Sir

Your Editorial “The database revolution” (Nature 445, 229–230; doi:10.1038/445229b 2007) highlighted the difficulty in maintaining a stable information architecture for biology — in terms of both funding it consistently and evolving a common format.

In addition to the suggestions you made, we urge journals to take the lead in making articles suitable for digital parsing and text mining by providing a structured digital abstract (M. R. Seringhaus & M. B. Gerstein BMC Bioinformatics 8, 17; 2007).

The distinction between journals and databases is blurring. The results published in journal articles of new structures, genome sequences and microarray experiments are automatically deposited to large databases, while the articles themselves in these disciplines are largely accessed in electronic form via PubMed queries. In the future, the text of articles will be systematically mined by computer programs, allowing interrelation of journal text with the vast repository of knowledge stored in databases. But making these interconnections now is challenging. With few exceptions, the facts published in journals are not in a format easily parsed by computer: in particular, text mining has difficulties linking names to database objects, and identifying key findings from the language of a paper.

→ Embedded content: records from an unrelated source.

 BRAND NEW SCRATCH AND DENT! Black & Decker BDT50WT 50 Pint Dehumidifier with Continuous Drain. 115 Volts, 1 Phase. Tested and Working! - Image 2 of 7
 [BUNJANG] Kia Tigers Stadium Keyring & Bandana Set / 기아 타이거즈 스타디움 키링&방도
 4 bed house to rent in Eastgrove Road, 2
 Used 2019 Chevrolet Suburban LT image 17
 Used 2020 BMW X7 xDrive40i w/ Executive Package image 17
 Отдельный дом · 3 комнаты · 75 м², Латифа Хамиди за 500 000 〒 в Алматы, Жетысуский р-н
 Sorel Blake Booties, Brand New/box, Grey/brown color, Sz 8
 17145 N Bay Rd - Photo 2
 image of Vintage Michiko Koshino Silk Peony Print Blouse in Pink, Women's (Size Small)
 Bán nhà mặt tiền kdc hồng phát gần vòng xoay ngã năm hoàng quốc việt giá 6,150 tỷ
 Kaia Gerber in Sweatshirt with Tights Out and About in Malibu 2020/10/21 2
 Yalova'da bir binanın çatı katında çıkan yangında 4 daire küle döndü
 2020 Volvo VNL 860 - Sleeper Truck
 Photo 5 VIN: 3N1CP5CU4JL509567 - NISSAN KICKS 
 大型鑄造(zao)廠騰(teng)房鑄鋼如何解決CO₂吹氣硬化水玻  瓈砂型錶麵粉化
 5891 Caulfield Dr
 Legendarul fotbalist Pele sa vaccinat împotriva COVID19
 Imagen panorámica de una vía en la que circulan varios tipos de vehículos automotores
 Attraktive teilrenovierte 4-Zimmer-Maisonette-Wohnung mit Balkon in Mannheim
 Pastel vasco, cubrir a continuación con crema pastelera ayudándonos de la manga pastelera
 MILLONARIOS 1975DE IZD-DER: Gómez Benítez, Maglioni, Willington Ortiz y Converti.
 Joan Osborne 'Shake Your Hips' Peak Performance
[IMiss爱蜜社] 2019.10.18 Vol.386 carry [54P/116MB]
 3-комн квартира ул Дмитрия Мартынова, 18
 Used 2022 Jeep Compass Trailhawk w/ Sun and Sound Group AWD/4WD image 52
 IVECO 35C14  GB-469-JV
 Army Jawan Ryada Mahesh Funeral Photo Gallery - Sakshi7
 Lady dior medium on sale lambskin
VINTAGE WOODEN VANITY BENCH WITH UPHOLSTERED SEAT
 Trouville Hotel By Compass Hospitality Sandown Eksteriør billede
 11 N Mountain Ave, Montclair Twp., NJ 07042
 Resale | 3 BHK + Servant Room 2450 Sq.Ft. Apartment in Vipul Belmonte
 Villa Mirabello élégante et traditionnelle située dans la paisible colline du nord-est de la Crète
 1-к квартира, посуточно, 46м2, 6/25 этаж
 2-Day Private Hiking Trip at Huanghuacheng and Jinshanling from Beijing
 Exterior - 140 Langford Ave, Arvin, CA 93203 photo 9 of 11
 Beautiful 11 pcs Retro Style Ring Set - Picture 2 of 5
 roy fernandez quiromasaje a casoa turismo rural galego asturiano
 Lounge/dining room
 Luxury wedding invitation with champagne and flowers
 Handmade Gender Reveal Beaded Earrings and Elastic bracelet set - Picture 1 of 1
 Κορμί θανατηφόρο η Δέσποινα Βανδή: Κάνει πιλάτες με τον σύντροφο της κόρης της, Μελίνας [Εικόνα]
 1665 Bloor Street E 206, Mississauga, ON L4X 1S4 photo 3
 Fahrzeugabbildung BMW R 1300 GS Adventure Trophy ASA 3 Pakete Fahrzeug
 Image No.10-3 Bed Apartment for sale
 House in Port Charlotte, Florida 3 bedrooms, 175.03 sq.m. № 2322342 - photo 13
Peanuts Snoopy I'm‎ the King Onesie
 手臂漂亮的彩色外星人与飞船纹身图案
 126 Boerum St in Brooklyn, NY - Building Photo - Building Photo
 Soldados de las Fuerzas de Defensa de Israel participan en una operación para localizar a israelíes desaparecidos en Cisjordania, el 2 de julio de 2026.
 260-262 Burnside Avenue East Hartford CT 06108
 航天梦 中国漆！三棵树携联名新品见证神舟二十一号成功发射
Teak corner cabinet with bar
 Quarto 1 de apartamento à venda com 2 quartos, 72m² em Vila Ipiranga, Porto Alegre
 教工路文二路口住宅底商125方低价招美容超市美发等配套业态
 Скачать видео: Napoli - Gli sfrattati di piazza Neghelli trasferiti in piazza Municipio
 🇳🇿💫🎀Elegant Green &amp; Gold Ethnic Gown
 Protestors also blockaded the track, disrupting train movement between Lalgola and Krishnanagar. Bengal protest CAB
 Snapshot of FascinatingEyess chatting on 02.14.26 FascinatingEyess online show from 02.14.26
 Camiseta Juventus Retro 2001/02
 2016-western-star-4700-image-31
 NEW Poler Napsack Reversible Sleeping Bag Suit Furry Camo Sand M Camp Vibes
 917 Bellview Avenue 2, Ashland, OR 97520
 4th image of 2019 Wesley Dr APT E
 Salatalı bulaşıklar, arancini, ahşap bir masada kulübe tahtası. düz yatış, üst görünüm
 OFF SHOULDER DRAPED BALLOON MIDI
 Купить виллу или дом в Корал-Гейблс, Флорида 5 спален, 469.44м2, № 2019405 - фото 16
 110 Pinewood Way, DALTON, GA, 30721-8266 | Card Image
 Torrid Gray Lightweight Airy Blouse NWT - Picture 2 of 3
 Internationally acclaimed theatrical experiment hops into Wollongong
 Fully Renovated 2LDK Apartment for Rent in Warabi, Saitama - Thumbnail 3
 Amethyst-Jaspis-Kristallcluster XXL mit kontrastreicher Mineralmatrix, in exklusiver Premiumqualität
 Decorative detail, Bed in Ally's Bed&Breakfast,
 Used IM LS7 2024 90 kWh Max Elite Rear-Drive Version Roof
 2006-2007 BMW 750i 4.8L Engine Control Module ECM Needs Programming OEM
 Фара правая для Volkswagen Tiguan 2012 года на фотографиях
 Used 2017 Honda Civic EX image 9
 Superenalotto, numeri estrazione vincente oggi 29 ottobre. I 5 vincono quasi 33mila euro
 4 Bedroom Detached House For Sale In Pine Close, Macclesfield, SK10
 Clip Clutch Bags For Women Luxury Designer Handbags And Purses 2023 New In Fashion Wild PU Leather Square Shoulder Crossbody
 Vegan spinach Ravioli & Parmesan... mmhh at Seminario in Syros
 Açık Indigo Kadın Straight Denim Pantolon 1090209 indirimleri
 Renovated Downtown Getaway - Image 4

The structured abstract would act as a gateway for text-mining engines to access an article, much as the traditional abstract now does for readers. The structured abstract consists of three main elements. First is a translation table or 'cast of characters', which lists all named genes, proteins, metabolites or other objects in the article, and relates their human-readable names to precise database identifiers. Second is a list of the main results described in simple ontologies using controlled vocabulary — for example, interactions ('protein A binds to protein B'), phenotypes ('mutation C suppresses deletion D'), and protein modifications ('protein E is phosphorylated at residue F by protein kinase G'). Third is standard evidence codes for how the results were obtained — for example, 'affinity purification' or 'mass spectrometry'. Thus the structured abstract is not only a synopsis of the results but is readily computer-readable.

Such digital summaries could be produced by authors and editors as part of the editorial process, subject to peer-review and copy editing. They could be published on journals' websites, using semantic web standards such as XML and OWL, and indexed by central repositories for fast look-up.

Adoption of the structured abstract would require action by scientists and editors to establish formats and vocabularies, as was done for Gene Ontology (Nature Genet. 25, 25–29; 2000). Early incorporation by a few journals or a single community — for example, yeast researchers — could provide a prototype before it enters widespread use.